Auch Mike alias "Magic Mike", der Titelheld von Steven Soderberghs jüngster Regiearbeit, gehört zu diesem in Florida gefeierten Männerstrip-Ensemble. Anhand von seinem und Adams Beispiel wird in der Folge eine klassische Entwicklungsgeschichte erzählt. Der eine Protagonist schiebt schon zu lange seine wahren Träume auf - er will sich eigentlich mit der Anfertigung selbstdesignter Möbel selbstständig machen. Das lukrative Einkommen als Stripper deklariert er als Mittel zum Zweck und belügt sich dabei natürlich ein wenig selbst. Der andere junge Mann scheint währenddessen Schritt für Schritt den dunkleren Verführungen des Milieus zu erliegen.

Auch der Film verabschiedet sich schnell von der Baustelle und dem Problem, dass gelernte Arbeitskräfte dort zu Dumpingpreisen mit ungelernten konkurrieren müssen. Lieber widmet sich Magic Mike den Milieustudien auf und hinter der Stripklub-Bühne. Die - situationsbedingt gerne auch einmal gekippte - Perspektive bleibt jene der Männer. Gleich zu Beginn erklärt Ober-Cock-Rocker Dallas, den Matthew McConaughey mit Waschbrettbauch, Hohlkreuz und Verve verkörpert, den Zuschauerinnen im Klub, wo für sie der Spaß endet.
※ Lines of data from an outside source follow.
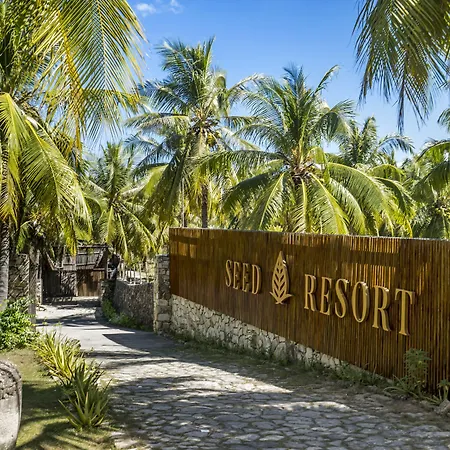 Seed Resort-2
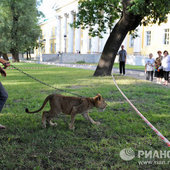 В Петербурге львицу спасли из заточения в автобусе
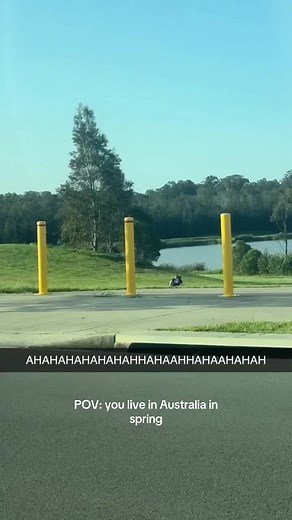Magpie Swooping Season in Australia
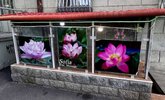 Sofia thai massage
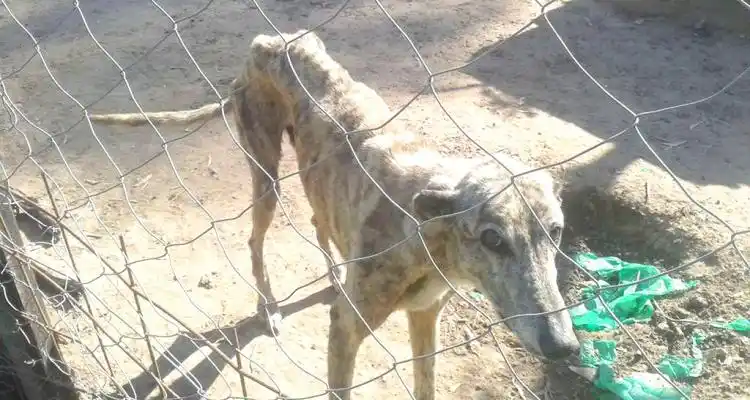 La disputa entre proteccionistas  de animales se dirime en la Justicia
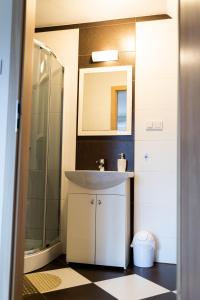 a bathroom with a sink and a shower at Rodzinny apartament FOLKER in Cisiec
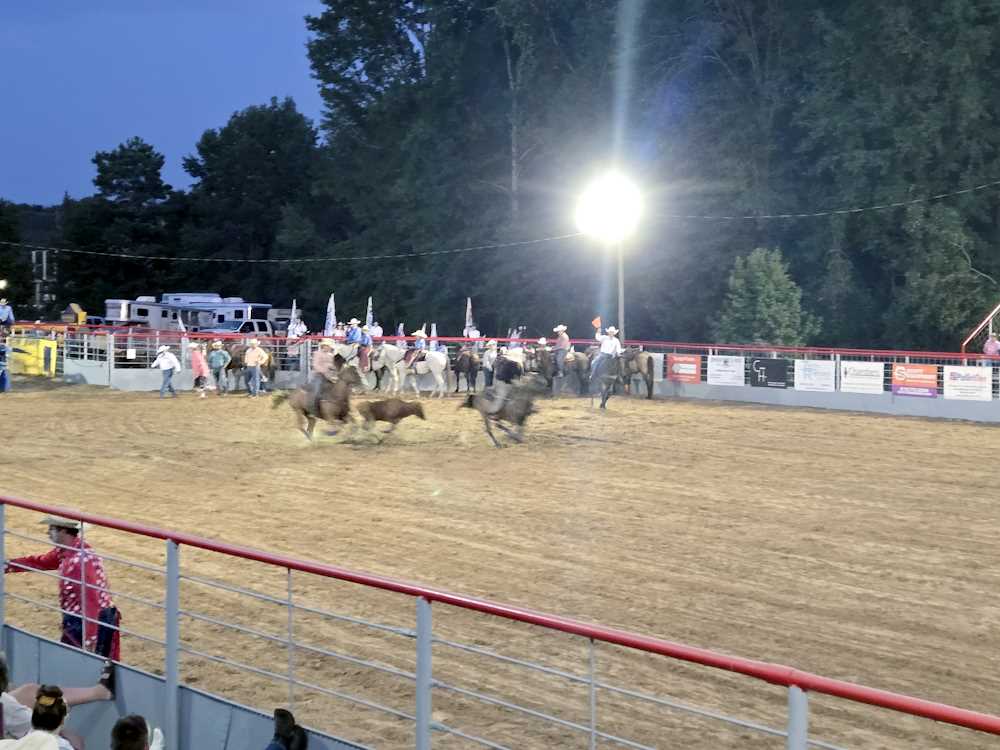 2024 Rodeo Pictures 2024 Rodeo Pictures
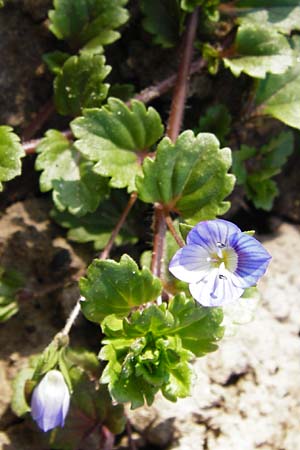 Veronica persica, Persischer Ehrenpreis Veronica persica, Persischer Ehrenpreis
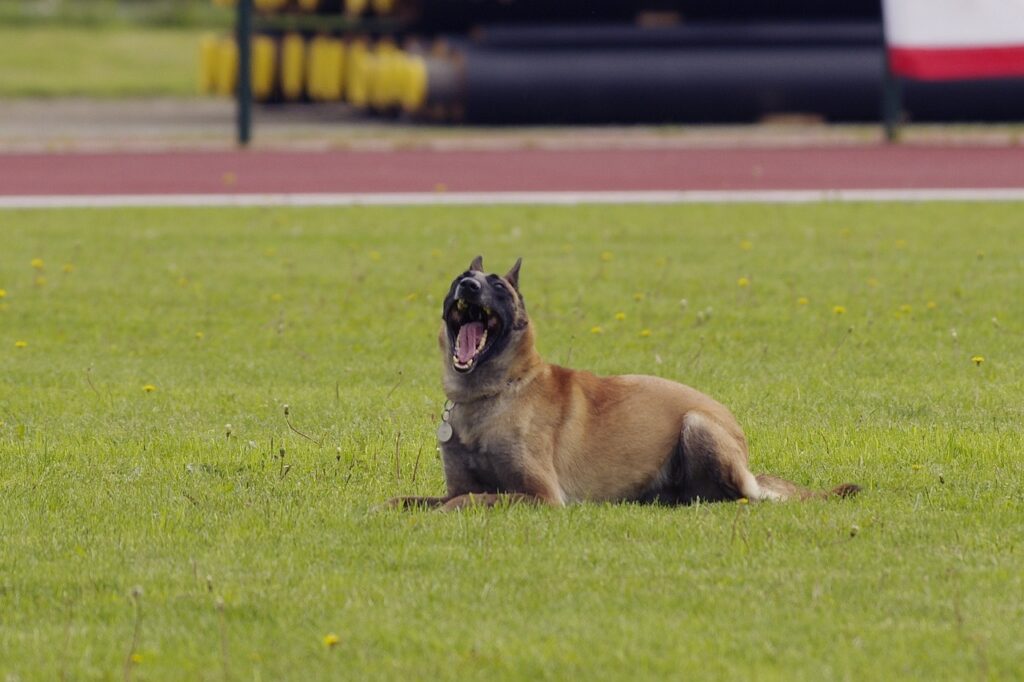 The Belgian Malinois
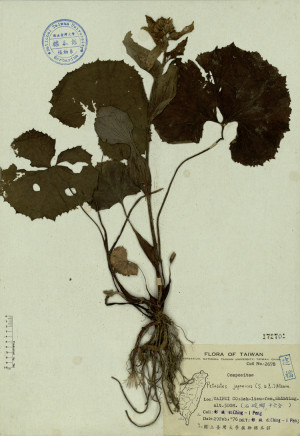 Petasites japonicus (S. & Z.) Maxim._標本_BRCM 4278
Sein Beckenkreisen sorgt für Instanthysterie beim weiblichen Publikum. So muss weiland Elvis gewirkt haben. Bald darauf kam die sexuelle Befreiung und andere Emanzipationsbewegungen. Gewissermaßen als deren Spätfolge und Indiz einer fortschreitenden Kommodifizierung wurden 1979 in L. A. die immer noch existierenden Chippendales gegründet - nach Eigendefinition Marktführer in Sachen "Ladies' Entertainment".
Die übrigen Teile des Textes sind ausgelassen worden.